Serve this with sprouted brown rice and a side of greens…a little hot sauce and this meal is PERFECTION.
Sautéed Almond Tofu
1 lb firm tofu, pressed, drained, cubed
2T olive oil
2 cloves garlic, minced
1/4 tsp chili flakes or 1 fresh chili pepper, minced
2T maple syrup
2T GF tamari or Shoyu
Juice from ½ a lemon
1/4 cup roasted almonds (or peanuts!), chopped (optional)
In a large saucepan or skillet over medium-high heat, sauté the garlic and hot pepper in oil just until golden Add the tofu and continue to sauté until the tofu is browned on all sides, tossing often.
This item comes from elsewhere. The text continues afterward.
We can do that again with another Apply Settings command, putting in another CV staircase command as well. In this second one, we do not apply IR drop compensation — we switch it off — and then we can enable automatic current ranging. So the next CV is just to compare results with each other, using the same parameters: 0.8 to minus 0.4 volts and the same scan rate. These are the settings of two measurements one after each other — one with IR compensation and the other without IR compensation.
Add the shoyu or Tamari sauce and the lemon juice. When the moisture is absorbed by the tofu, add the maple syrup and then the almonds. Continue to sauté until all of the liquid has cooked into the tofu.
Delicious hot or cold.
This is my favorite served in romaine lettuce leaves but it also makes a great sandwich filling. It is so easy to make and I love having it in the house as a quick snack option- it light, crunchy and fresh tasting. You can try using different varieties of the baked tofu, they will all produce a slightly different taste. I ate this for lunch today on whole grain Ezekiel bread, one of my heirloom tomatoes and baby lettuce from the garden.
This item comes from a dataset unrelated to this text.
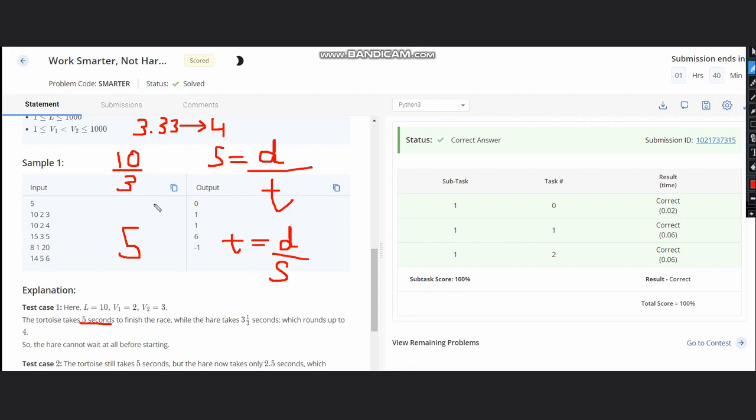Now you have 5 seconds where the tortoise can reach and 4 seconds where the hare can reach. They are measured in integer values, hence only one second is left between them. The hare wants to be strictly faster, so the hare cannot wait at all before starting. Hence it outputs 0 in this case.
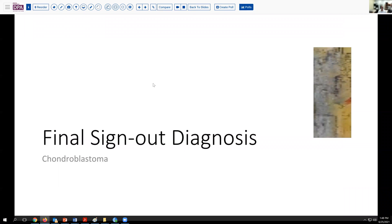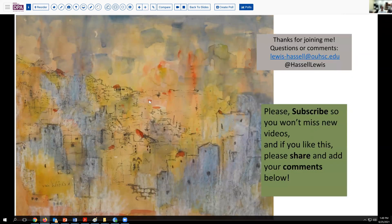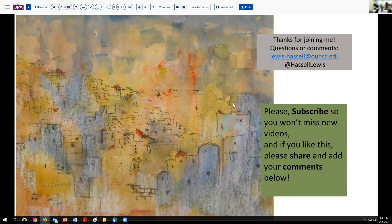Our final sign-out diagnosis — not a difficult or challenging case particularly — is chondroblastoma: typical location, typical age group, typical clinical presentation, and fairly representative histology as well. All of those things line up to help us make the diagnosis. These typically are in long bone lesions with an epiphyseal plate. Rarely in adults, they can present later in life in flat bones or even the skull, so don't forget to consider that, but it's certainly far down the list.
8 oz Smoked Tofu Lin, broken in chunks
4 stalks celery, roughly chopped
1 large carrot, roughly chopped
1/3 to 1/2c vegan mayonnaise
pink salt and pepper to taste
In a food processor or vita-mix, pulse the celery or turn on low to mince. Remove into a large bowl. Do the same with the carrot and then the tofu. Process the tofu until desired consistency, it should at least be a fine, even. meal. Add into the bowl of veggies. Add the vegan mayo, salt and pepper and with a spoon, mix all of the ingredients together until well incorporated.